@BackStop - your understanding of RH and dewpoint is correct, but
@elwoodblues is not wrong . . . .
As you point out, there is a relationship between temperature, Relative Humidity, and dewpoint - change one and the others change. But the problem with them in our application is that they are all looked at at the same pressure, and we are dealing with changes in pressure. With that in mind, I prefer to work in terms of "absolute humidity" - specifically, the amount of water vapor contained in air under different conditions. This speaks to amount of water vapor that the air contains (thus the air charge temp has to be at or above the dewpoint for that amount to exist), and can be referenced as parts per million or grams per cubic meter. I like to use grams per cubic meter of air, all referenced at one atmosphere of pressure (meaning not a cubic meter of compressed air, even if reference as compressed) since it translates directly into the cubic centimeters of liquid water that could exist if it all were to condense out. for the rest of this, whenver I talk about grams of water I am meaning grams of water vapor in 1 standard cubic meter of air
Let's assume that we are dealing with the air you are feeding into your compressor being at 67 degrees F and at 10% RH. That would mean that every cubic meter of air can carry 1.5 grams of water vapor into your compressor. While that is far below the 5.4 grams that would be in air that that is 67 degrees F and 32% RH, or the 11.1 grams that would be in air that is 78 F and 45% RH, it is still too much for out needs without additional filtering post compression - which you do, so that is good.

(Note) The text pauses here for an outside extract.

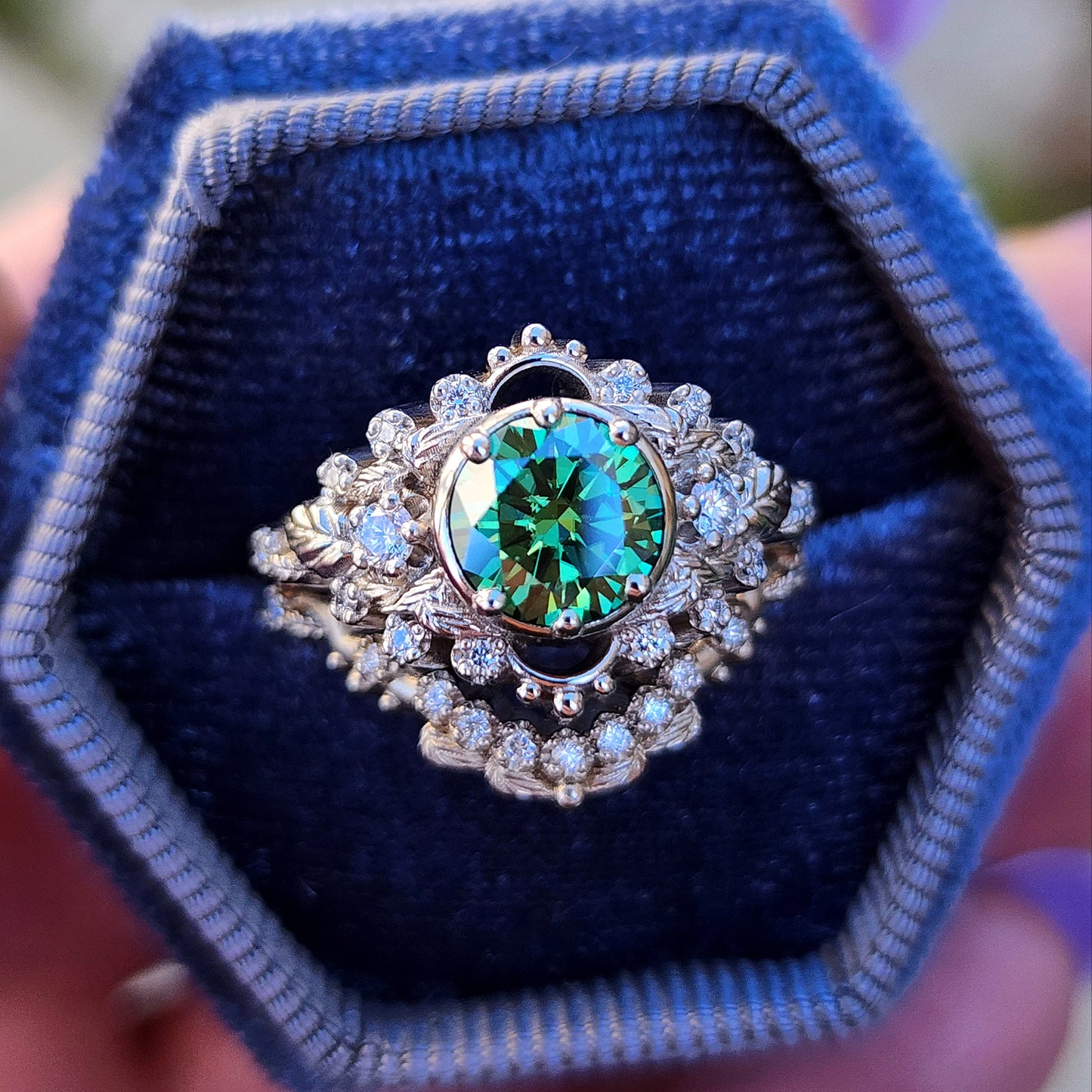 nature inspired leaf engagement ring set with green moissanite and diamonds 14k white gold image 3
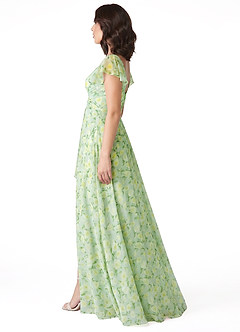 Azazie Omari Vestidos de madrinha de casamento Vestido Sálvia Floral Sonhadora de Chiffon de Linha A image3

Air that is compressed to 3000 psi and is at 67F can only hold 0.08 grams of water vapor - but here is the key thing: air coming out of a compressor is higher than that, and that higher temperature air can hold more water vapor. And that vapor will condense out later when the temperature drops to ambient, which in this case is 67 F.
I don't know how hot your air charge is, but it certainly is a lot higher than the readout on the compressors, given that the compressors have active cooling and the heat of compression is the source of the heat - the air charge must therefore be higher than the cooled compressor head.
Yong Hengs routinely seem to run above 50 C (and spike horribly is the water flow is disrupted), so maybe the air charge is 70 C or so? What does that mean? Well, 70 C air at 3000 psi can hold 1.2 grams of water vapor. Drop the temp to 40 C (since the CS4 seems to run slower and cooler) and that same air charge can hold 0.3 grams of water vapor.
Without additional drying, those air charges would result in roughly 1.1 and 0.2 grams of condensed liquid water ending up in the tank/reservoir for every standard cubic meter of air compressed. While that will vary by the size of the reservoir, that is probably about 15 fills of most tube PCP air reservoirs.
Somebody using your pre-filter (air at 67 F and 10% RH) feeding a Yong Heng would probably think they were in great shape from a water vapor standpoint because they likely would see nothing come out of their bleed points. But the reality is that all that 1.1 grams of water vapor that was in the air before compression will be in vapor form and make it into the tank.
A properly sized Silica Gel desiccant system will result in air that has no more that 0.07 grams of water water vapor per standard cubic meter, which should work well for most applications of room temperature shooting. For guns that will spend their life being filled and shot in temperatures below freezing, molecular sieve would be a better solution, as that would result in air with only about 0.006 grams of water vapor leaving the filter.
By the way, this all points the the fact that your pre-filter (at least on it's own) is no where near big enough to do the job by itself - the airflow must be just too fast through it. So it is good that you are using a post-filter too.
All this is why I say active drying is very important. But if set up right, there is zero risk of water getting into the tank or reservoir.
For my set up I use a Shoebox compressor and have a huge Wilkerson desiccant drier feeding it, and it gets the air down to where it should be (0.07 grams of vapor) as it flows very little air by volume, given that it is already compressed to 110 psi (and cooled and thus carries about 1.9 grams or so to the Shoebox).